As described in detail above, according to the present invention, a three-stage cooler is provided, and paper recovery processing is normally performed by the previous two-stage cooler, and only at specific times such as during refueling, the third stage cooler is used. Since paper is added to the collection process, paper can always be reliably collected, which is very beneficial in terms of both effective use of resources and prevention of pollution.

Moreover, since the third stage utilizes the auxiliary cooling power in the refrigerant gas flow path, it can be processed at low cost, and when combined with gasoline recovery, it can be expected to have significant economic effects. be.

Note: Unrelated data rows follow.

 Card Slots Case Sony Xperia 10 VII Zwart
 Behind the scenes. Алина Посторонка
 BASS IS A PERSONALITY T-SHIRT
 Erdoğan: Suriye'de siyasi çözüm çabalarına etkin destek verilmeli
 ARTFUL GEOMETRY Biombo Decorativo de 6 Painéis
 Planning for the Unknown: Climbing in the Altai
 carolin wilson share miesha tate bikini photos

[Brief explanation of the drawing]

The drawings show an embodiment of the paper reflux device according to the present invention, in which Fig. 1 is a piping system diagram, Fig. 2 is a schematic configuration diagram of a cooler, and Figs. 3 and 4 show a cooling regenerator therein. FIG. 6 is a plan view and a side view showing the outer tank in a cutaway state. 1...Primary cooler, 2...Secondary cooler, 3...First gas-liquid separation section, 4...Second gas Liquid separation section, 5... Three-way valve, 6...
・Cooling regenerator.

Claims (1)

[Claims] 1. A recovery circuit for evaporated gasoline generated from a storage tank includes a first cooler for moisture removal, a second cooler for gasoline separation, and cooling by the second cooler at a specific time. A paper reflux device characterized in that a third cooler is provided to cool the subsequent gas. 2 A switching valve is provided in the gas flow path after cooling by the second cooler to select whether to communicate with the atmosphere or with a third cooler, and normally the switching valve is switched to the atmosphere side. 2. The paper reflux device according to claim 1, wherein the paper reflux device is configured to switch to the third cooler side when the storage tank is refilled with gasoline. 3 Claims in which a liquid reservoir is provided in the flow path of the refrigerant gas, and a portion of this liquid reservoir is housed in a container with an insulating structure together with an antifreeze liquid and a heat exchanger through which the gas body passes through the second cooler. The paper reflux device according to item 1 or 2.